Australia has one of the most regulated franchising sectors in the world. The mandatory Franchising Code of Conduct aims to provide a level playing field among franchisees and franchisors. When disputes occur, the Office of the Franchising Mediation Advisor may assist with dispute resolution. But beyond this legal framework how does a franchisor’s moral compass guide their behaviour?

The common defence of franchisors facing such criticism is that the franchisees carry their brand but are independent businesses, and therefore the franchisor is not to blame. Franchisors can claim that they were at all times acting within the Franchising Code of Conduct and in line with their Franchise Agreements and disclosures. How franchisees have acted in their role as businesses and employers is really a matter for them.

While this is true to the letter of the law, will it be enough when a brand is in crisis? Are there wider moral obligations incumbent upon franchisors? Should they go beyond the minimum legal requirements to show leadership in setting the direction and culture for those who are now ambassadors for their brand?

Many franchisors do take this role very seriously and while providing “above and beyond” assistance to franchisees may not be a legal obligation, it does make good business sense. These franchisors pro-actively support all aspects of their franchisees’ operations, not just the core components of their “franchise system” but also the wide range of associated business tasks that a franchisee must manage.

Franchise agreements are, by necessity, “incomplete” contracts to allow maximum flexibility in a dynamic business environment. Whilst franchise agreements specify the legal obligations between franchisors and franchisees and their staff of minimum workplace terms and conditions required under the Fair Work Act, the “big picture” moral obligations are harder to define and measure. But this does not mean that moral responsibility is any less important or integral to long-term sustainable success in franchising.

When things go wrong at the franchisee level, it is easy for the franchisor to say that legally “it’s not my problem”. But it IS most definitely their problem in terms of public perception of their business and brand, and also on franchisee and staff recruitment and retention.

By continually monitoring, encouraging and supporting franchisees, from start-up to exit, franchisors are investing in the future health and sustainability of their brand, which is their business equity. By promoting and achieving best practice at every level, they are leading with strength, integrity and transparency and creating the governance standards to ensure a robust and sustainable franchise brand. After all, franchisees place a great deal of trust in their franchisor, sometimes investing their life savings in the franchise, and so they deserve the franchisor’s respect.

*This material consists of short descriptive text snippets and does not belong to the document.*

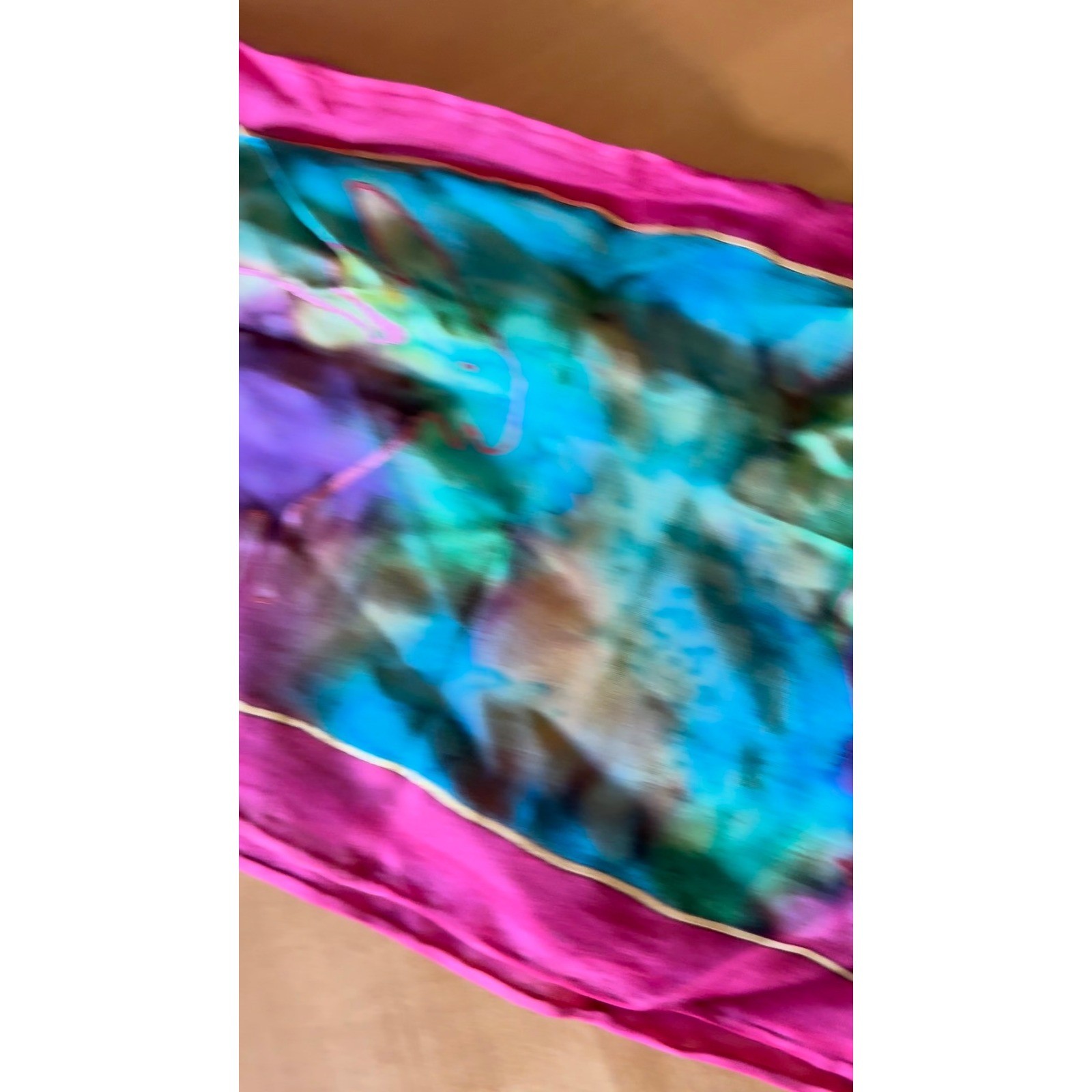 Hand Painted Silk Scarf 65x8 Multicolor Rabbit Artist Signed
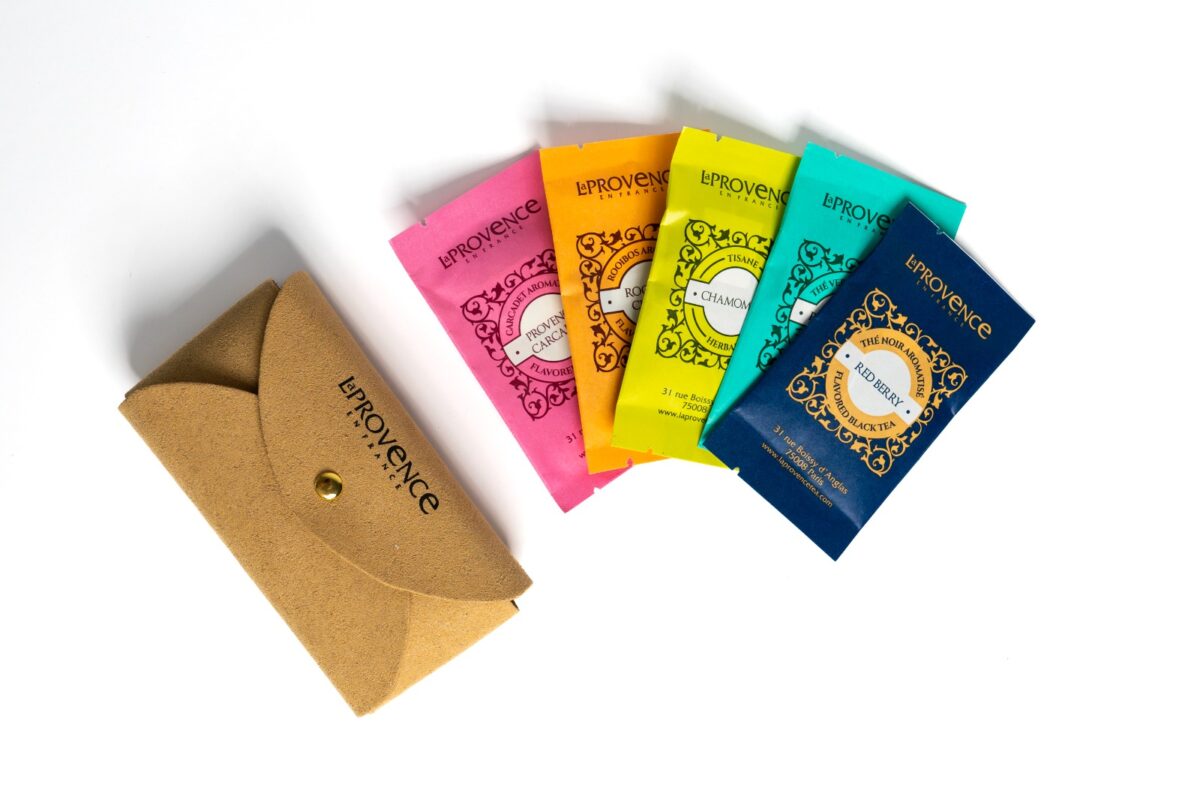 Gold Leather Pouch with Crystal Tea Bags - Image 2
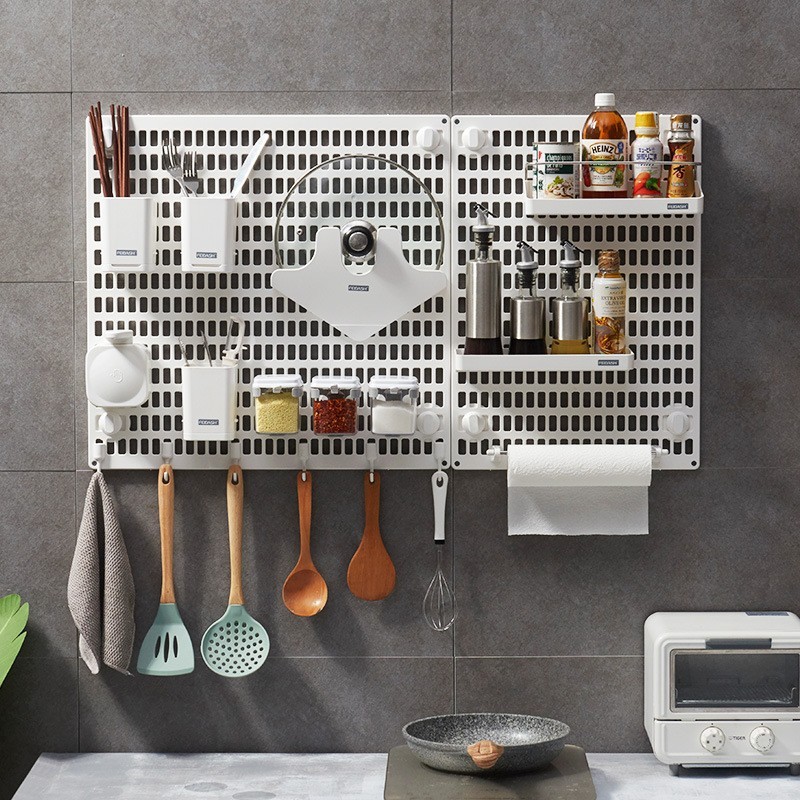 定制厨房洞洞板免打孔置物架多用途挂架锅盖架筷笼调料架免钉图4
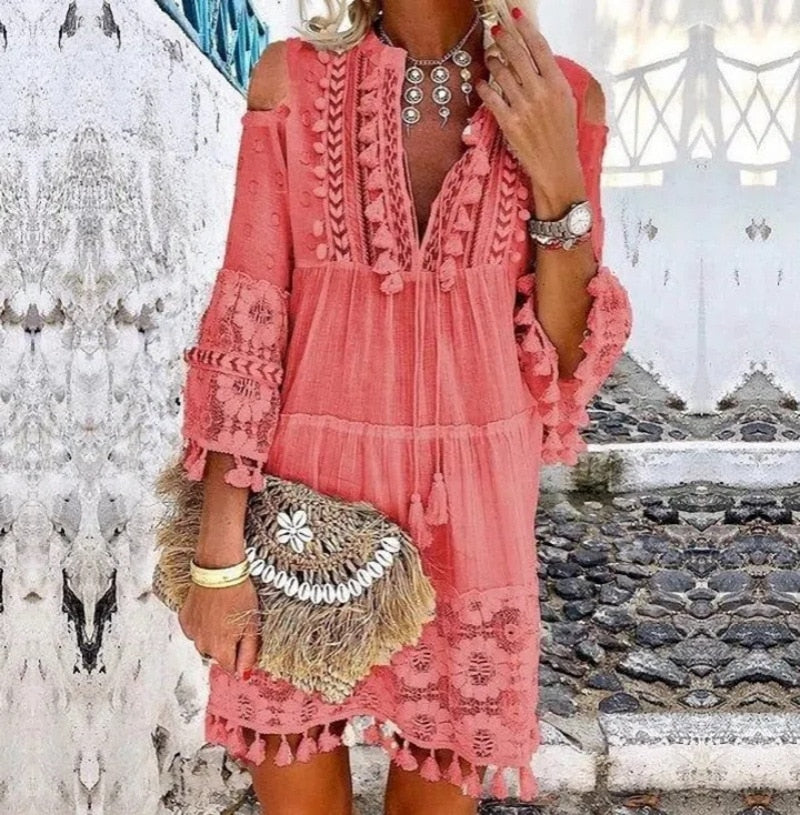 Seven Sleeve Loose Fit Tassel Boho Dress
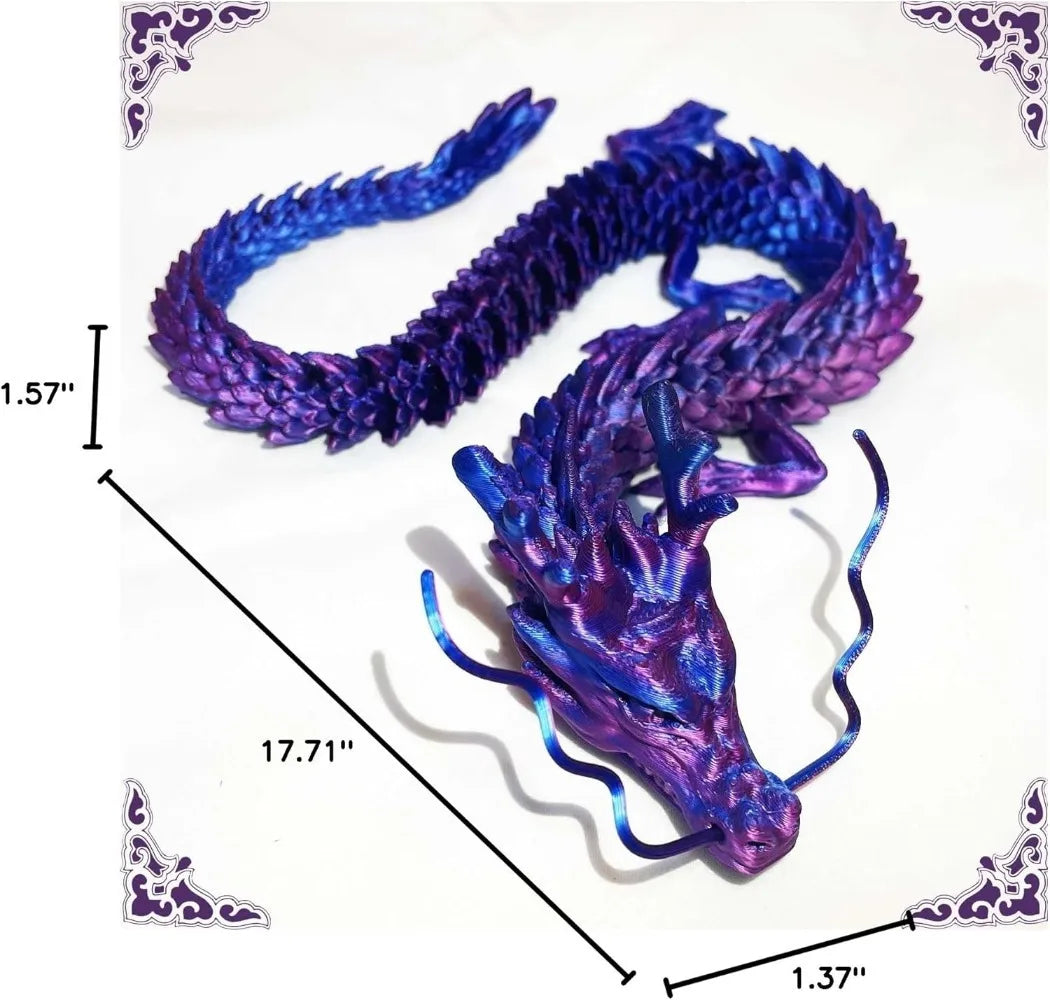 3D Printed Conjoined Dragon Ornaments Movable Cartoon Creative Dragon Plants rockery Fish Tank Landscaping Decoration 30cm
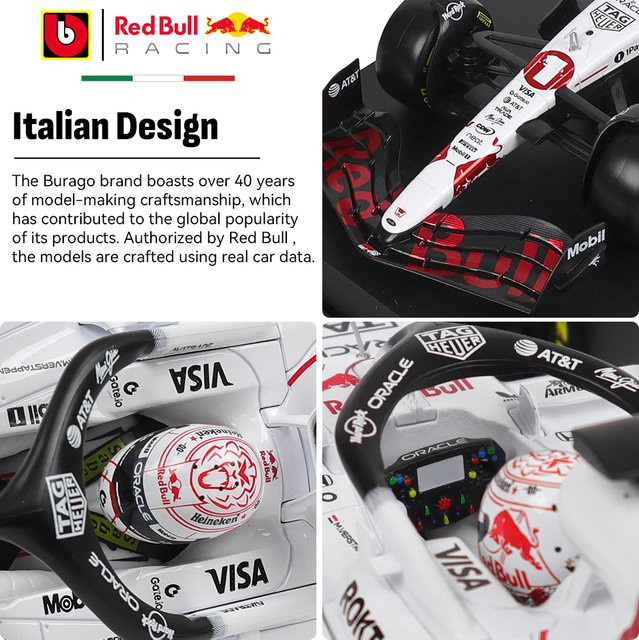 Bburago Red Bull Racing RB21 Grand Prix, Automodell, 1:18, Weiß, ab 14 Jahren - Bild 1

This commitment to ongoing leadership and education by franchisors is even more crucial in a franchise network where a large number of franchisees and their staff may come from culturally diverse backgrounds and may not be familiar with the concept of statutorily legislated minimum wages and conditions and structured workplace agreements.

The question of the moral obligation exhibited by franchisors stems back to how they view their corporate responsibility, and if the core values of their business extends beyond profits to care for the workplace and personal well-being of everyone involved with the organisation.

The Fair Work Ombudsman has said it expects franchisors to take more responsibility and pay greater attention to workplace compliance by their franchisees.

It is also worth noting that the Fair Work Ombudsman encourages Proactive Compliance Deeds for businesses to better understand and comply with workplace laws, and to avoid more adversarial measures such as litigation. There is no legal requirement to undertake these deeds, but businesses benefit from improved training, systems, communication, self-auditing and self-resolution and set the standards of best practice for their franchisees and their staff to observe and follow.

A number of franchise groups - including Retail Zoo, Dominos, McDonald’s and Red Rooster - have signed up to this program, showing there is scope in franchising to go beyond what is legally required by demonstrating a moral obligation to promoting ethical corporate behaviour and being an employer of choice.